Return every line from the records below with the string "room".
☆ ☆ ☆ ☆
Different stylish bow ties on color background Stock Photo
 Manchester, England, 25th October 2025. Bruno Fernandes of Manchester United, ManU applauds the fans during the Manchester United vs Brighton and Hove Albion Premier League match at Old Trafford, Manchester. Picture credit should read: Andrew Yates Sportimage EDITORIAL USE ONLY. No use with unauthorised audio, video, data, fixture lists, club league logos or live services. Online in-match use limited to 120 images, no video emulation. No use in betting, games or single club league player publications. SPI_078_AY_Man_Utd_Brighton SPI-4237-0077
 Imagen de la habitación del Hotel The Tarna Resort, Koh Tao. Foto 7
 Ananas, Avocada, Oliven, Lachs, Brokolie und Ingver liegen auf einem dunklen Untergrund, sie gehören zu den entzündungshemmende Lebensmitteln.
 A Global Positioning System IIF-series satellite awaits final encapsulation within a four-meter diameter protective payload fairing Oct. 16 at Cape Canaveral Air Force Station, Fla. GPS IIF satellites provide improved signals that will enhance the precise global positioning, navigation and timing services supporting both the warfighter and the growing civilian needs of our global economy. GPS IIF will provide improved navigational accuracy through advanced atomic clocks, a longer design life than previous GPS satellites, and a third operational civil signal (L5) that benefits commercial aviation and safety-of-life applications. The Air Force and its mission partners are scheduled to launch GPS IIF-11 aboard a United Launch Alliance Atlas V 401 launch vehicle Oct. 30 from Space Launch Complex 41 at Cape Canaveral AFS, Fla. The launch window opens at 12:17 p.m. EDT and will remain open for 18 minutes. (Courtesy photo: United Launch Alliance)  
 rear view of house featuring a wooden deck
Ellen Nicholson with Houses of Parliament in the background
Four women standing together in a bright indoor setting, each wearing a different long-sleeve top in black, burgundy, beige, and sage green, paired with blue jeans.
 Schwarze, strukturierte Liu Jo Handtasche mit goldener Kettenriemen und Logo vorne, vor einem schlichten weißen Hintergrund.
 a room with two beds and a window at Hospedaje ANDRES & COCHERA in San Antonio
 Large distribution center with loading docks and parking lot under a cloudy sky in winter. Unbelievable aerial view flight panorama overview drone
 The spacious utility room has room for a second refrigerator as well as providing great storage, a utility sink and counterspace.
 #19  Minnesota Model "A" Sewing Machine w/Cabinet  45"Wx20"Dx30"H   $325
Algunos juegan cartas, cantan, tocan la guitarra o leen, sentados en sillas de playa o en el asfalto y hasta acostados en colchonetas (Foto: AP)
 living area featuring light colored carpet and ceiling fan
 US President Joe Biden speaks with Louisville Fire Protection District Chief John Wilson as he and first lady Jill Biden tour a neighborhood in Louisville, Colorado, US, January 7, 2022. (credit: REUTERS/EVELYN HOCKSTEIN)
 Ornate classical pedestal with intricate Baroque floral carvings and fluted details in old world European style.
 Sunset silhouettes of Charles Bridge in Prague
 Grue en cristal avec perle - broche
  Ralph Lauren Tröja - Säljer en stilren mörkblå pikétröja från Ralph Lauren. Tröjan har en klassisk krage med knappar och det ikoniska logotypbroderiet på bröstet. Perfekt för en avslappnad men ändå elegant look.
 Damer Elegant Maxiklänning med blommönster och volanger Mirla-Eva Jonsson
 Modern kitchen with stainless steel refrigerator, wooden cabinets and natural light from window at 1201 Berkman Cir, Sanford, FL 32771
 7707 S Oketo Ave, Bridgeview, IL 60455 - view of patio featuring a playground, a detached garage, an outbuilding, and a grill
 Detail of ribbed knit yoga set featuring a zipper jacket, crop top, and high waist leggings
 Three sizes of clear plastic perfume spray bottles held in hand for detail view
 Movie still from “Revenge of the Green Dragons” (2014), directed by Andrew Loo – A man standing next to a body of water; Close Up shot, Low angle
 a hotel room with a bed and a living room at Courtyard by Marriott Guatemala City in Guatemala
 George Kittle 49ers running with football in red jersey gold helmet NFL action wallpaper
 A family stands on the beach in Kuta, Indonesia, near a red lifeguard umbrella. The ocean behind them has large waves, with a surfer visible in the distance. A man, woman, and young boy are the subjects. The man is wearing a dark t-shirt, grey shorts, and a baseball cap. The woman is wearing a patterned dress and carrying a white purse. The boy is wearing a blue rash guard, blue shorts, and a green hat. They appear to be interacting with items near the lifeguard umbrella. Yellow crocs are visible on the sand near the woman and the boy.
☆ ☆ ☆ ☆
■ **Written reply**
 a room with two beds and a window at Hospedaje ANDRES & COCHERA in San Antonio
 The spacious utility room has room for a second refrigerator as well as providing great storage, a utility sink and counterspace.
 a hotel room with a bed and a living room at Courtyard by Marriott Guatemala City in Guatemala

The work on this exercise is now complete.